According to FDA, a biosimilar product is highly similar to an already approved biologic except for minor differences in clinically inactive components. No clinically meaningful differences may exist between the safety, purity, and potency of a biosimilar product and the reference biologic.
Products determined by FDA to be interchangeable must meet these criteria. In addition, they must be expected to have the same clinical benefits as the reference biologic and pose no additional safety or diminished efficacy risks for patients who alternate between the reference product and one that is interchangeable.
Although FDA has not yet approved a biosimilar product, 15 biosimilars have been authorized by the European Union. Of these, six are versions of filgrastim and three are versions of epoetin alfa—biologics whose patents have expired.
The patent for rituximab expires in October, and patents for trastuzumab, cetuximab, and infliximab expire next year, creating opportunities for U.S. sales of biosimilars. IMS Health predicted in 2011 that biosimilars will enter the U.S. market in 2014 and total at least $1.9 billion in annual sales by 2015.
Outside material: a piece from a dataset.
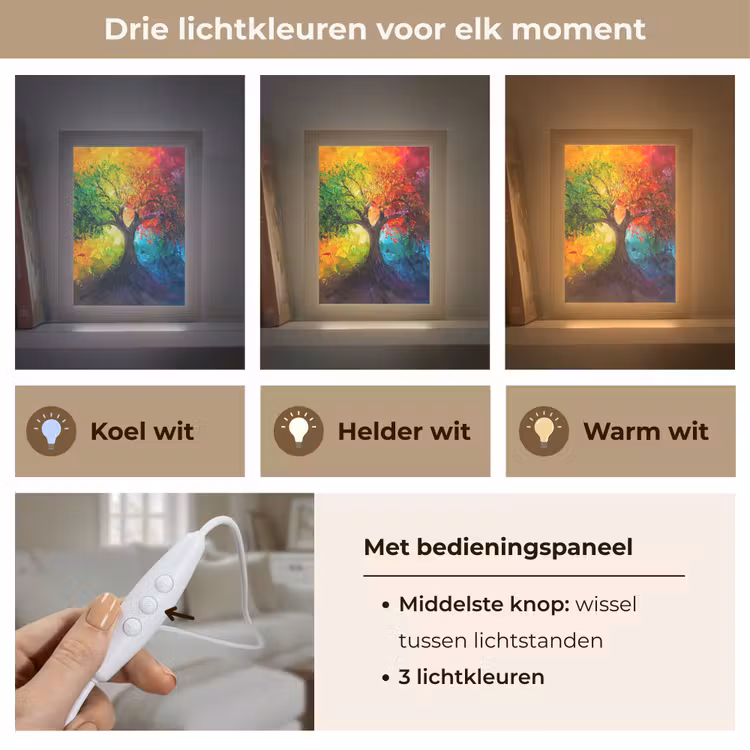 Boom - Kleurrijk - Modern - Abstract Light Box met kabel (Tafellamp) klein -USP_lichtkleurNL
In the states. Brian M. Meyer, director of government affairs at ASHP, said legislation to regulate biosimilar substitution is in the works in more than 20 states, including North Dakota and Utah, which recently passed laws similar to Virginia's (see sidebar).
In general, states' proposed legislation requires that biosimilars must be declared by FDA to be interchangeable before substitution is allowed. States are also proposing that dispense-as-written instructions from prescribers be followed and that prescribers be notified whenever a substitution is made.
Legislation under consideration in Arkansas in late March additionally stipulates that pharmacists may not charge more than the "normal" amount for a biosimilar and its dispensing, compared with the prescribed product. In addition, patient consent is required if a dispensed product costs more than the prescribed one, and the originally prescribed product must be dispensed if the patient insists.
Under this proposed legislation, the determination of interchangeability is made by the state board of pharmacy on the basis of FDA's designation of a product as interchangeable. The pharmacy board would have the power to forbid the substitution of specific products.
In Colorado, legislation pending in early April would require pharmacies, but not prescribers, to retain a record for at least five years of all instances in which a biosimilar was dispensed in place of the prescribed biologic. The proposed legislation would allow pharmacists to meet prescriber notification requirements by entering information about the substitution into "an electronic system between the prescribing physician and the pharmacist, including an electronic medical record."
The Florida legislature is working on a law that adheres to BIO's principles and also covers Class II institutional pharmacies. An amendment proposed in March would allow these institutions to incorporate biosimilar products into their formulary system, as long as accepted formulary procedures are followed.
Meyer said ASHP has been working with its state affiliates to advocate for language in proposed legislation that allows pharmacists in settings with a formulary system "to substitute biosimilar products without the intervention of the prescriber" when the biosimilar is interchangeable with its reference product.